Concern Over Death Of Journalist In Turkmenistan
Unesco Chief Voices ‘Grave Concern’ Over Death Of Jailed Journalist In Turkmenistan
New York, Sep 19 2006 11:00AM
The head of the United Nations organization entrusted with defending freedom of expression and the press today voiced “grave concern” over the death in jail of a Turkmen journalist and called on the authorities of the former Soviet Central Asian country to investigate the circumstances and try those responsible in the event of foul play.
“Using force to silence a journalist is an unacceptable crime against an individual, against the basic human right of freedom of expression and against society as a whole, which relies on the media to make informed choices,” UN Educational, Scientific and Cultural Organization (UNESCO) Director-General Ήoïchiro Matsuura said.
According to Reporters Without Borders (RSF), the children of Ogulsapar Muradova, 58, a former correspondent of United States stations Radio Free Europe and Radio Liberty who was sentenced to six years in prison last month alongside two other human rights activists, identified her body in the morgue of Ashgabat , Turkmenistan’s capital, on 14 September.
Witnesses reported seeing a head wound and many other marks on the rest of her body, RSF said.

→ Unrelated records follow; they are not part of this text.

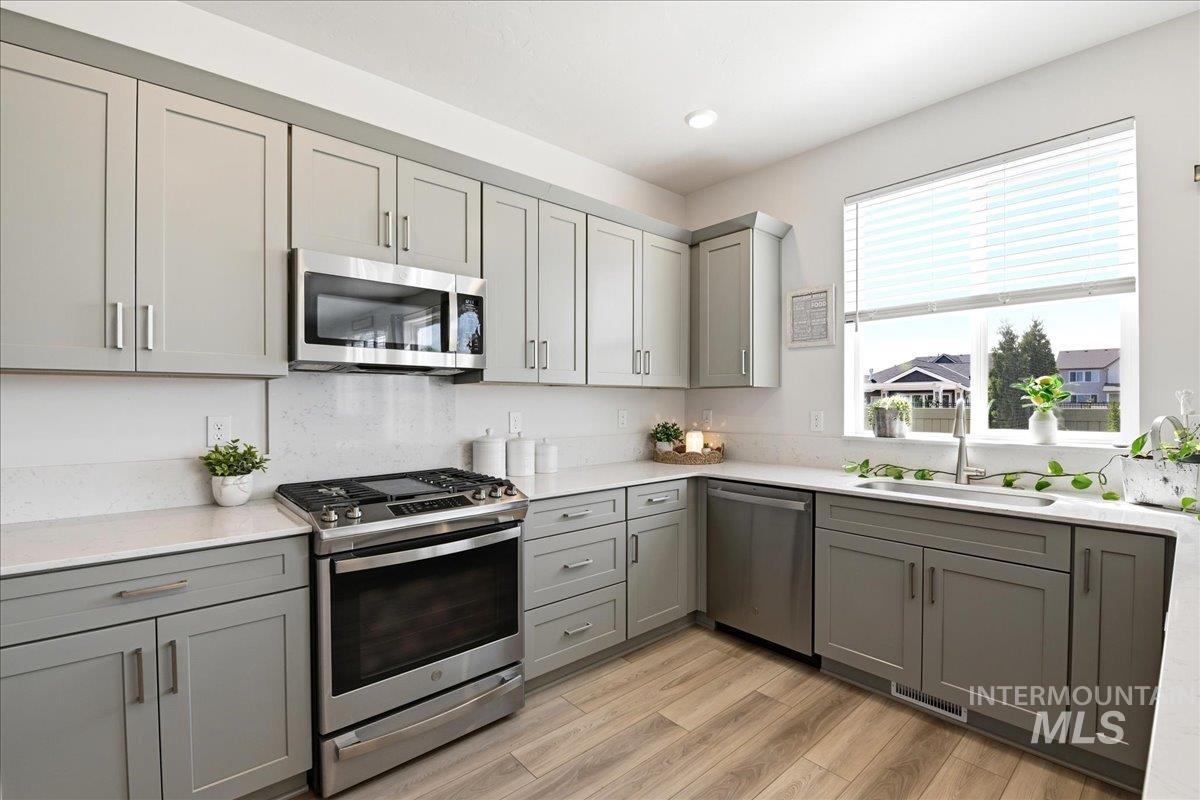 11217 Aspen Hill Dr, Caldwell, Idaho 83605, 4 Bedrooms, 3 Bathrooms, Residential For Sale, Price $450,000,MLS 98984775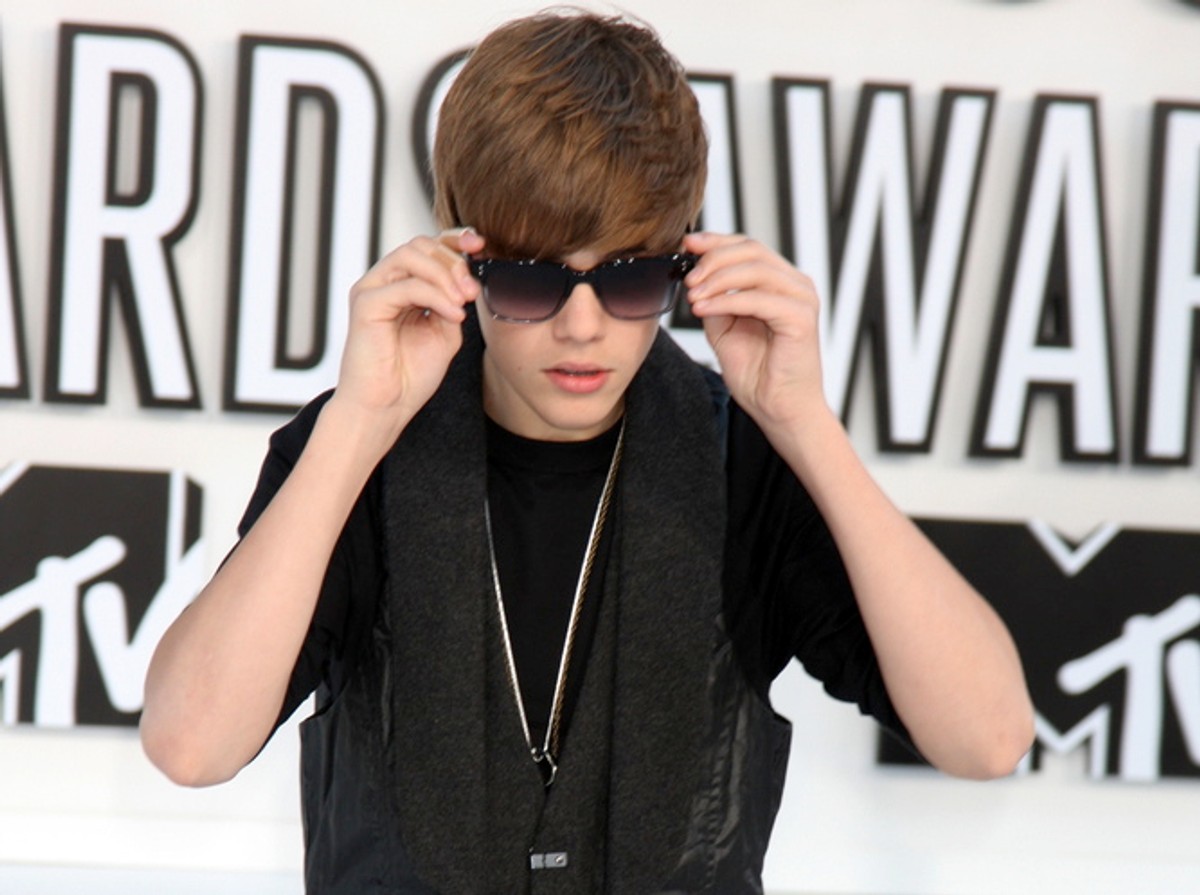 Justin Bieber w szoku. Na osiemnastkę dostał....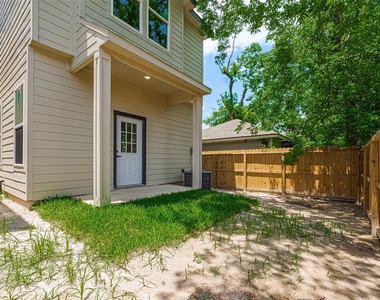 2414 Sam Wilson 001 Street - Photo Thumbnail 26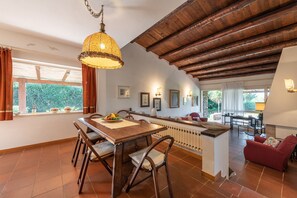 Villa, 3 Bedrooms | In-room dining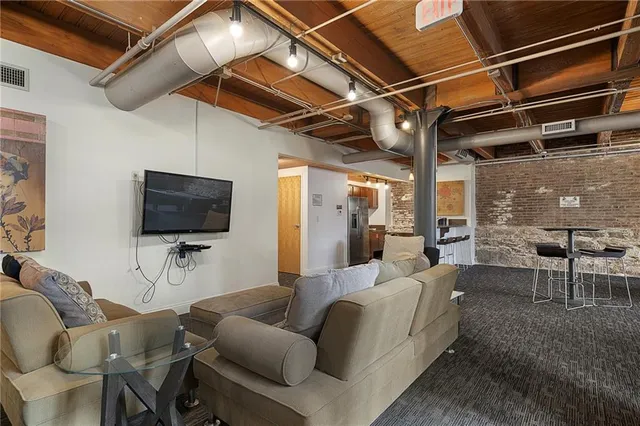 $150,000 | 700 Broadway Boulevard, Unit 210, Kansas City, MO 64105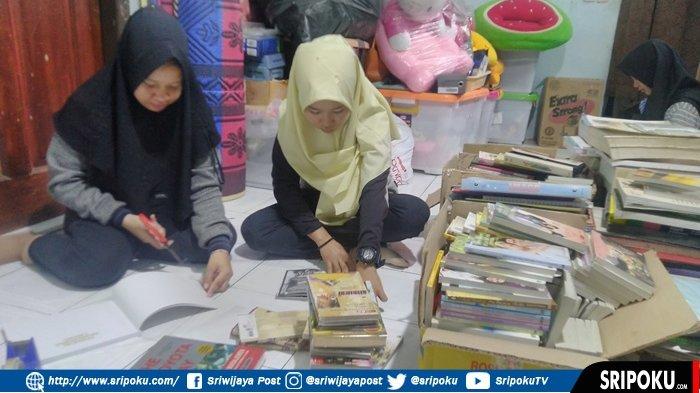 Berawal dari Hobi, Adella Buka Usaha Jasa Sampul Buku Pertama di Palembang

Over the weekend, The Office of the UN High
Commissioner for Human Rights (OHCHR) expressed
serious concern over Ms Muradova’s death and urged the
authorities to launch a full and independent investigation
into what happened.
The French Ministry of Foreign Affairs as well as Radio Free Europe and Radio Liberty had voiced serious concern about her trial which was held behind closed doors.
UNESCO has a mandate to defend freedom of expression and press freedom, and Mr. Matsuura has issued frequent condemnations of the murder of journalists around the world.